I am currently using Janusgraph version 0.5.2. I have a graph with about 18 million vertices and 25 million edges.
I have two versions of this graph, one backed by a 3 node Cassandra cluster and another backed by 6 Cassandra nodes (both with 3x replication factor)
I am running the below query on both of them:
g.V().hasLabel('label_A').has('some_id', 123).has('data.name', 'value1').repeat(both('sample_edge').simplePath()).until(has('data.name', 'value2')).path().by('data.name').next()
The issue is that this query takes ~130ms on the 3 node cluster whereas it takes ~400ms on the 6 node cluster.
I have benchmarked around ten queries and this is the only one where there is a significant difference in performance between the two clusters.
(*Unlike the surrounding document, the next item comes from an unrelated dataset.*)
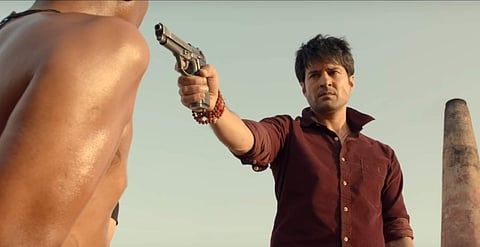 A still from Rajiv Khandelwal-starrer 'Pranaam'. (Photo | YouTube Screengrab)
I have tried running .profile()
on both versions and the outputs are almost identical in terms of the steps and time taken:
g.V().hasLabel('label_A').has('some_id', 123).has('data.name', 'value1').repeat(both('sample_edge').simplePath()).until(has('data.name', 'value2')).path().by('data.name').limit(1).profile()
==>Traversal Metrics
Step Count Traversers Time (ms) % Dur
=============================================================================================================
JanusGraphStep([],[~label.eq(label_A), o... 1 1 4.582 0.39
\_condition=(~label = label_A AND some_id = 123 AND data.name = value1)
\_orders=[]
\_isFitted=true
\_isOrdered=true
\_query=multiKSQ[1]@8000
\_index=someVertexByNameComposite
optimization 0.028
optimization 0.907
backend-query 1 3.012
\_query=someVertexByNameComposite:multiKSQ[1]@8000
\_limit=8000
RepeatStep([JanusGraphVertexStep(BOTH,[... 2 2 1167.493 99.45
HasStep([data.name.eq(... 803.247
JanusGraphVertexStep(BOTH,[... 12934 12934 334.095
\_condition=type[sample_edge]
\_orders=[]
\_isFitted=true
\_isOrdered=true
\_query=org.janusgraph.diskstorage.keycolumnvalue.SliceQuery@812d311c
\_multi=true
\_vertices=264
optimization 0.073
backend-query 266 5.640
\_query=org.janusgraph.diskstorage.keycolumnvalue.SliceQuery@812d311c
optimization 0.028
backend-query 12689 312.544
\_query=org.janusgraph.diskstorage.keycolumnvalue.SliceQuery@812d311c
PathFilterStep(simple) 12441 12441 10.980
JanusGraphMultiQueryStep(RepeatEndStep) 1187 1187 11.825
RepeatEndStep 2 2 810.468
RangeGlobalStep(0,1) 1 1 0.419 0.04
PathStep([value(data.name)]) 1 1 1.474 0.13
>TOTAL - - 1173.969 -
NOTE: You may have noticed that the profile step above shows a time taken of >1000ms. I believe this is another issue that is not related to this post.
Some other points that might be helpful:
- The 3 and 6 node clusters are identical in terms of hardware
- We aren't running Janusgraph in embedded mode (where it is colocated with Cassandra), instead it is running separately on its own server nodes
- As mentioned earlier, the slowness is only observed for
path
queries. For instance, here's an example of another traversal query where we observe the same latency across the 3 and 6 node clusters:g.V().hasLabel('label_B').has('some_id', 123).has('data.name', 1234567).both('sample_edge').valueMap('data.field1', 'data.field2').next(10)
I'd really appreciate any input on figuring out why the query is 3x slower on 6 nodes.
Happy to provide more information as required!
Thank you!